In [1]:
import torch
from torch.utils.data import DataLoader
from torch.optim import Adam
from torch import nn
import transformers
import evaluate
import numpy as np
from datasets import *

In [2]:
# !pip install transformers evaluate datasets

In [3]:
device = torch.device("cuda:0") if torch.cuda.is_available() else torch.device("cpu")
print("Device:", device)

Device: cuda:0


In [4]:
torch.cuda.empty_cache()

In [5]:
from transformers import DistilBertForSequenceClassification, Trainer, TrainingArguments, DistilBertTokenizerFast

In [6]:
dataset = load_dataset("csv", data_files="train_data.csv")
train_dataset = dataset["train"].train_test_split(test_size=0.2, seed=42)
dataset = DatasetDict({
    'train': train_dataset["train"],
    'test': train_dataset["test"]})
dataset



  0%|          | 0/1 [00:00<?, ?it/s]



DatasetDict({
    train: Dataset({
        features: ['text', 'labels'],
        num_rows: 13113
    })
    test: Dataset({
        features: ['text', 'labels'],
        num_rows: 3279
    })
})

In [7]:
model_name = 'distilbert-base-uncased'
tokenizer = DistilBertTokenizerFast.from_pretrained(model_name)
model = DistilBertForSequenceClassification.from_pretrained(model_name, num_labels=5)

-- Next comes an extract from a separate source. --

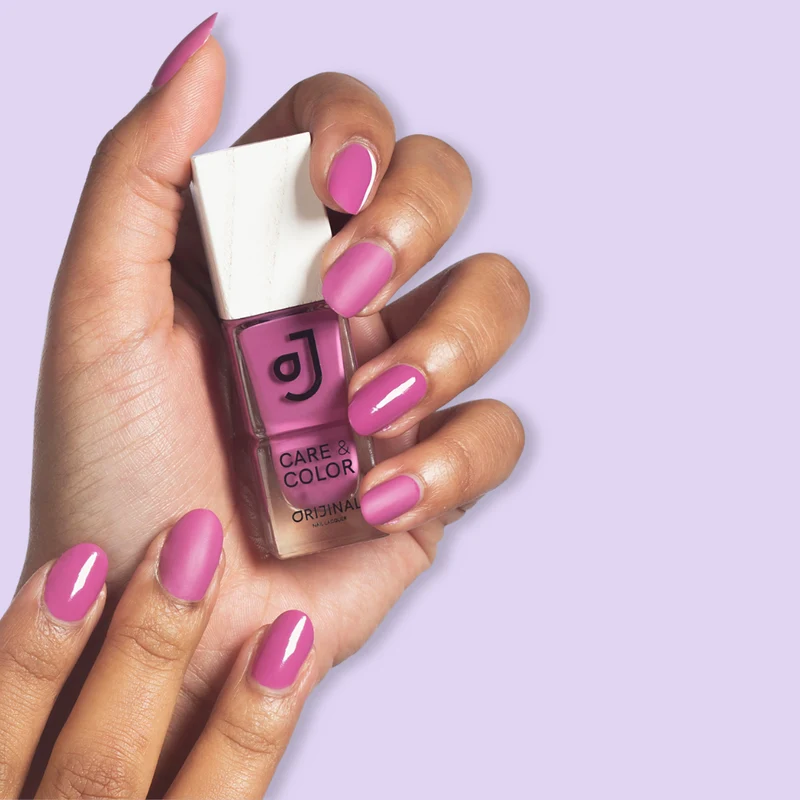 Vernis à ongles - Raisin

Some weights of the model checkpoint at distilbert-base-uncased were not used when initializing DistilBertForSequenceClassification: ['vocab_projector.bias', 'vocab_transform.bias', 'vocab_layer_norm.bias', 'vocab_layer_norm.weight', 'vocab_transform.weight']
- This IS expected if you are initializing DistilBertForSequenceClassification from the checkpoint of a model trained on another task or with another architecture (e.g. initializing a BertForSequenceClassification model from a BertForPreTraining model).
- This IS NOT expected if you are initializing DistilBertForSequenceClassification from the checkpoint of a model that you expect to be exactly identical (initializing a BertForSequenceClassification model from a BertForSequenceClassification model).
Some weights of DistilBertForSequenceClassification were not initialized from the model checkpoint at distilbert-base-uncased and are newly initialized: ['pre_classifier.weight', 'pre_classifier.bias', 'classifier.weight', 'classifier.

In [8]:
def tokenize(batch):
    return tokenizer(batch['text'], padding=True, truncation=True)

train_dataset, test_dataset = dataset["train"], dataset["test"]
train_dataset = train_dataset.map(tokenize, batched=True, batch_size=len(train_dataset))
test_dataset = test_dataset.map(tokenize, batched=True, batch_size=len(test_dataset))

# Set format for pytorch
train_dataset.set_format('torch', columns=['input_ids', 'attention_mask', 'labels'])
test_dataset.set_format('torch', columns=['input_ids', 'attention_mask', 'labels'])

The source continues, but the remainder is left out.